”Saint Agathon («bon») se retira au désert de Scété, vers 364, pour mener la vie érémitique, mais ses rapides progrès dans la vertu lui acquirent bientôt une grande renommée parmi les habitants du désert. Nombreux étaient ceux qui venaient lui demander conseil ou qui devenaient ses disciples; c’est pourquoi la tradition nous a transmis de nombreuses et admirables sentences de cet Abba. Fort sage et éclairé par la grâce du discernement spirituel, saint Agathon pratiquait avec austérité jeûnes et mortifications de la chair, et vivait dans un grand dépouillement de tout bien matériel et de tout confort; mais sans toutefois dépasser jamais une juste modération; plus qu’aux labeurs du corps, il portait en effet son soin à l’observation des commandements de Dieu et de la charité envers le prochain. Quand il allait vendre les produits de son travail manuel (paniers tressés) à Alexandrie, il disait en un mot le prix usuel, plus bas que la valeur réelle, et acceptait sans compter ni marchander ce qu’on voulait lui donner. Toujours empressé pour le service de ses voisins et l’accueil des visiteurs, il donnait tout ce qu’il possédait et brûlait d’une si grande charité qu’il allait jusqu’à souhaiter pouvoir échanger son corps avec celui d’un lépreux. Trouvant un jour sur son chemin un étranger pauvre et malade, touché de compassion, il loua une chambre pour lui dans une auberge de la ville, se mit au travail pour l’assister et ne regagna son désert qu’au bout de quatre mois, lorsque le malade fut guéri.
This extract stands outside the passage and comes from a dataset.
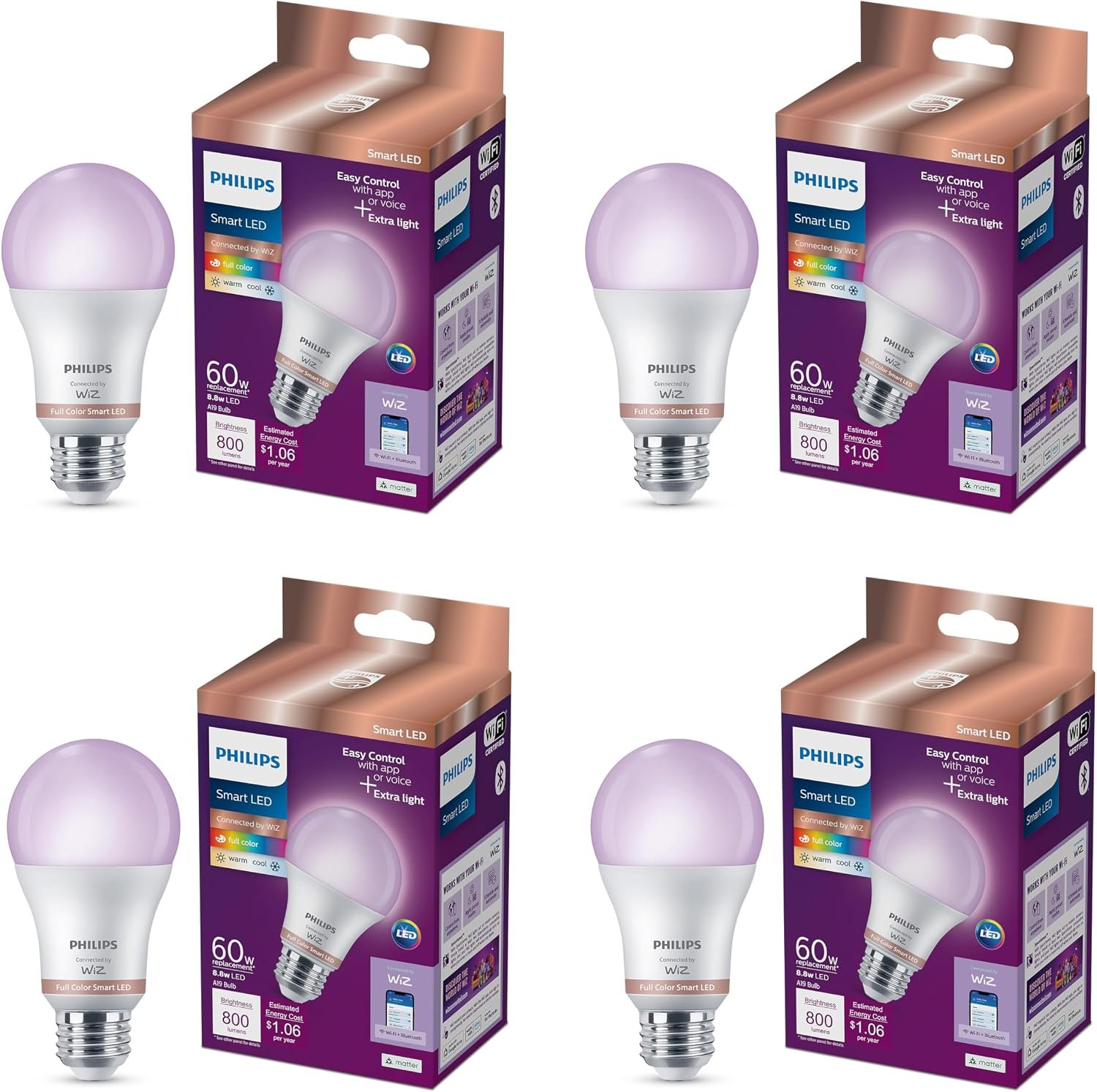 PHILIPS Smart LED Full Color Light Bulb 4-Pack, A19 60W 800LM E26 Indoor, Sunset to Sunrise Automation + Motion Detection + Control with Voice or App, Matter Compatible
Pendant trois années saint Agathon garda un caillou dans la bouche afin d’apprendre à garder le silence. Il atteignit par de tels combats une si haute impassibilité qu’il restait imperturbable, comme une colonne de pierre, en recevant les injures ou les louanges. Il enseignait à ses disciples à se garder de la familiarité, comme de la source de tous les péchés, et à se considérer toute leur vie comme des étrangers dans le lieu de leur renoncement. Un jour, des frères voulurent éprouver son humilité et sa célèbre placidité. Ils le traitèrent successivement de débauché, d’orgueilleux, de bavard. À chaque fois l’ancien s’inclinait en disant: «Oui, je suis bien ainsi»; mais quand ils l’accusèrent d’être hérétique, il répondit: «Non, je ne suis pas hérétique!» Comme on lui demandait pourquoi il n’avait refusé que ce dernier grief, il dit: «Les premières accusations je me les fais à moi-même, car cela est utile à mon âme. Mais l’hérésie c’est la séparation de Dieu, et je ne veux pas être séparé de Dieu».
Sur le point de mourir, Abba Agathon demeura trois jours les yeux fixes et grands ouverts. «Où es-tu, Père?» lui demandèrent les frères. Il répondit: «Je me tiens devant le tribunal de Dieu». — «Ne crains-tu pas?» Il répondit: «Jusqu’ici, j’ai fait tout mon possible pour garder les commandements de Dieu; mais je suis homme, comment saurais-je si mes œuvres ont été agréables à Dieu?» — «N’as-tu donc pas confiance dans les œuvres que tu as faites selon Dieu?» — «Je n’aurai confiance, reprit l’ancien, que lorsque j’aurai rencontré Dieu. Autre est, en effet, le jugement de Dieu et autre celui des hommes». Comme ils voulaient encore l’interroger, il leur dit: «Faites-moi la charité, ne me parlez plus, car je n’ai plus de loisir». Et, partant comme quelqu’un qui salue ses amis les plus chers, il mourut dans la joie.